Pictures aside, repeat the listing below exactly.

#### Supplied material
***

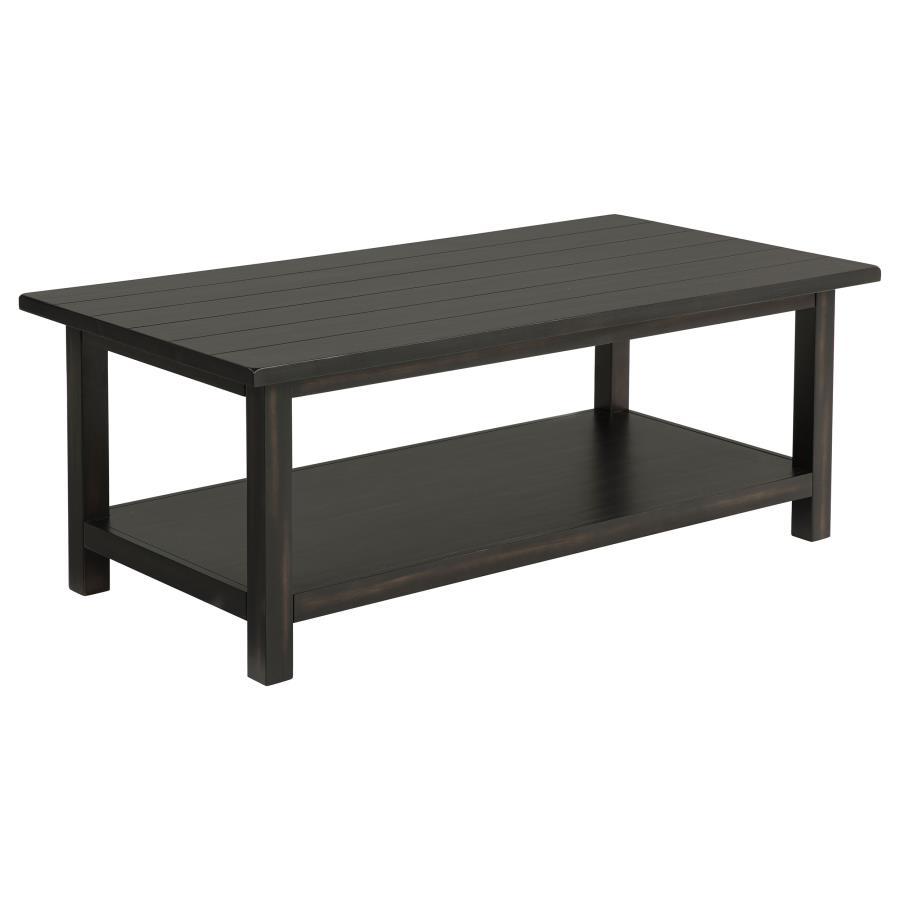 Bring timeless appeal and ample surface space to your living area with this rectangular coffee table. A pine wood and engineered wood construction, enhanced by pine veneer, ensures durability while exuding a warm rustic charm. Its open lower shelf keeps d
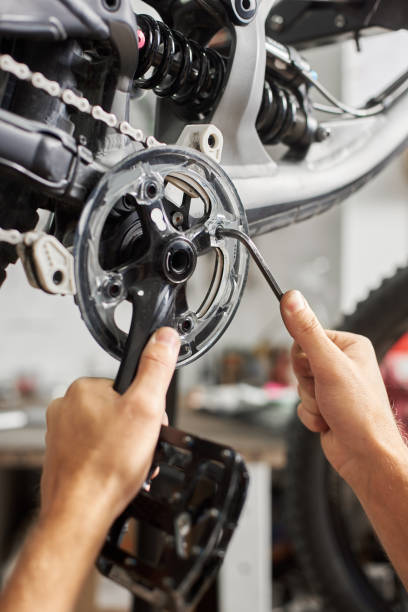 istock Male mechanic working in bicycle repair shop using tools 1127155527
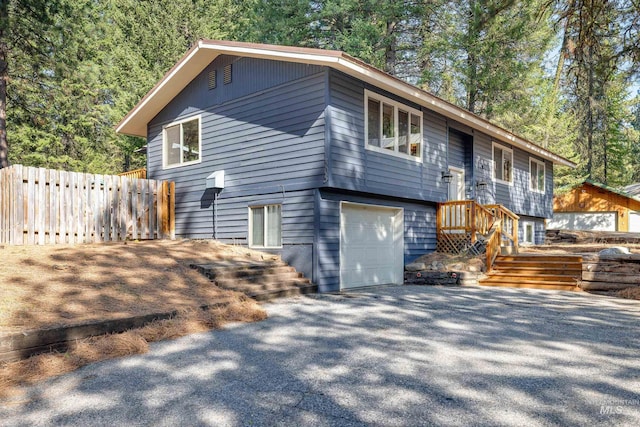 305 Gabi Ln, Mccall, ID 83638 - view of front of home with an outbuilding, an attached garage, fence, and aphalt driveway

***

#### Output below
 Bring timeless appeal and ample surface space to your living area with this rectangular coffee table. A pine wood and engineered wood construction, enhanced by pine veneer, ensures durability while exuding a warm rustic charm. Its open lower shelf keeps d
 istock Male mechanic working in bicycle repair shop using tools 1127155527
 305 Gabi Ln, Mccall, ID 83638 - view of front of home with an outbuilding, an attached garage, fence, and aphalt driveway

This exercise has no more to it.